“可是……”诗岛刚的声音瞬间低了下去,肩膀垮下来,像只被扎破的气球,“就没有别的办法了吗?比如重新做一个腰带?或者找别的意识数据代替?”
“做腰带需要库里姆留下的核心程序,那是独一无二的,我试着恢复过,根本不可能。”玲奈拿起桌上的螺丝刀转了转,“至于意识数据,你想让谁来代替?总不能把特状课的电脑系统装进去吧?到时候变身可能会喊‘系统正在更新,请稍候’。”
诗岛刚被她逗得嘴角抽了抽,可心里的着急一点没减。他蹲在实验台边,双手抓着头发:“那怎么办啊……进哥现在只能靠拳头,我虽然能变身马赫,但新型变异体的防御太强,我的马赫踢只能蹭点皮。要是下次遇到它,我们俩岂不是要被揍得满地找牙?”
他脑补了一下自己和进之介被变异体追着跑的画面,进之介一边跑还得一边喊“刚,你跑快点!”,自己则气喘吁吁地回应“我已经最快了!”,越想越绝望,连耳朵都耷拉下来。
玲奈看着他这副模样,忍不住笑了。她敲了敲实验台:“喂,你这副样子要是被小泊看到,他肯定会说‘诗岛刚,你能不能有点男子汉气概’。”
“可是男子汉也怕打不过啊!”诗岛刚抬起头,眼睛亮晶晶的,满是委屈,“玲奈姐,你再想想嘛,有没有什么备用方案?比如……比如用我的马赫驱动器改造一下?”
“你的马赫驱动器是适配你基因的,小泊用了会排斥,到时候没变身先被能量反噬,岂不是更麻烦?”玲奈摇了摇头,忽然话锋一转,“不过,也不是完全没有办法。”
诗岛刚“噌”地一下从地上站起来,眼睛瞪得溜圆:“真的?!玲奈姐你有办法?是什么办法?快告诉我!”他抓着玲奈的胳膊晃了晃,差点把她手里的螺丝刀晃掉。
“你先松手,再晃我的仪器就要倒了。”玲奈拍开他的手,转身走到一个上锁的柜子前,输入密码打开。柜子里放着一个半成型的驱动器外壳,银色的金属表面还泛着冷光。
“我最近在琢磨,既然驰骑驱动器没法恢复,不如做一个新的适配驱动器。”玲奈指着那个外壳,“这个是马赫驱动器的改良版,我把核心部件换成了更兼容的型号,理论上可以适配小泊的基因。”
诗岛刚凑过去看,眼睛里闪着光:“那这个驱动器叫什么?新驰骑驱动器?还是泊驱动器?”
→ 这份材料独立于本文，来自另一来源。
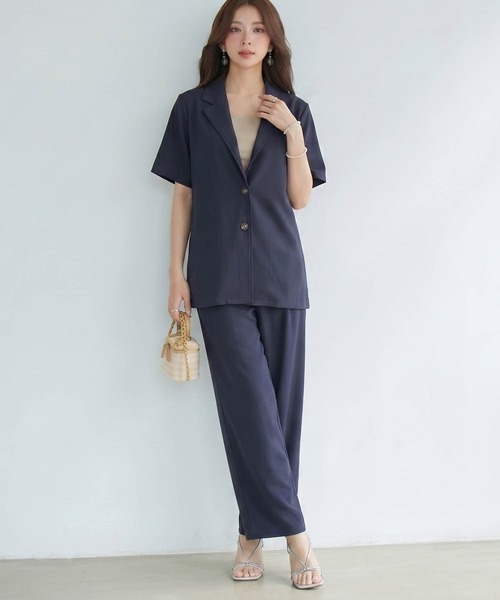 DRESS PLUS(ドレスプラス)の「襟付きジャケット ワイドパンツ セットアップ(セットアップ・レディース・ネイビー/ブラック/ピンクベージュ・M)」の16枚目の写真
“别瞎起名字,”玲奈白了他一眼,“这个叫马赫驱动器·改,虽然是在马赫驱动器基础上改的,但性能更稳定,输出功率也更高。不过,还缺最后一步调试。”
“那换挡战车呢?”诗岛刚突然想到关键问题,“进哥变身驰骑需要换挡战车,现在旧的战车要么坏了要么丢了,总不能让他空着手变身吧?难道要让他用我的马赫摩托?可我的摩托跟他不兼容啊!”
他又开始着急,手不自觉地摸了摸口袋里的马赫摩托,生怕玲奈说“没办法,只能凑活”。
玲奈却笑了,她从诗岛刚的右口袋拿出了一个紫黑色的换挡摩托,上面还印着熟悉的标志。“你忘了?chaser消失之前把换挡战车留给了你,虽然Chaser不在了,但他的战车核心程序还在,而且应该跟小泊的基因序列有一定的兼容性。”
她把战车递给诗岛刚,“我已经试过了,只要把战车和马赫驱动器·改适配,小泊就能用它变身。虽然跟以前的驰骑不一样,但至少能拥有变身能力,对付新型变异体也多了份保障。”
诗岛刚接过战车,入手沉甸甸的,黑色的外壳上还能看到细微的划痕,那是Chaser曾经战斗过的痕迹。他攥紧战车,又看了看那个半成型的驱动器,眼睛里重新燃起了希望。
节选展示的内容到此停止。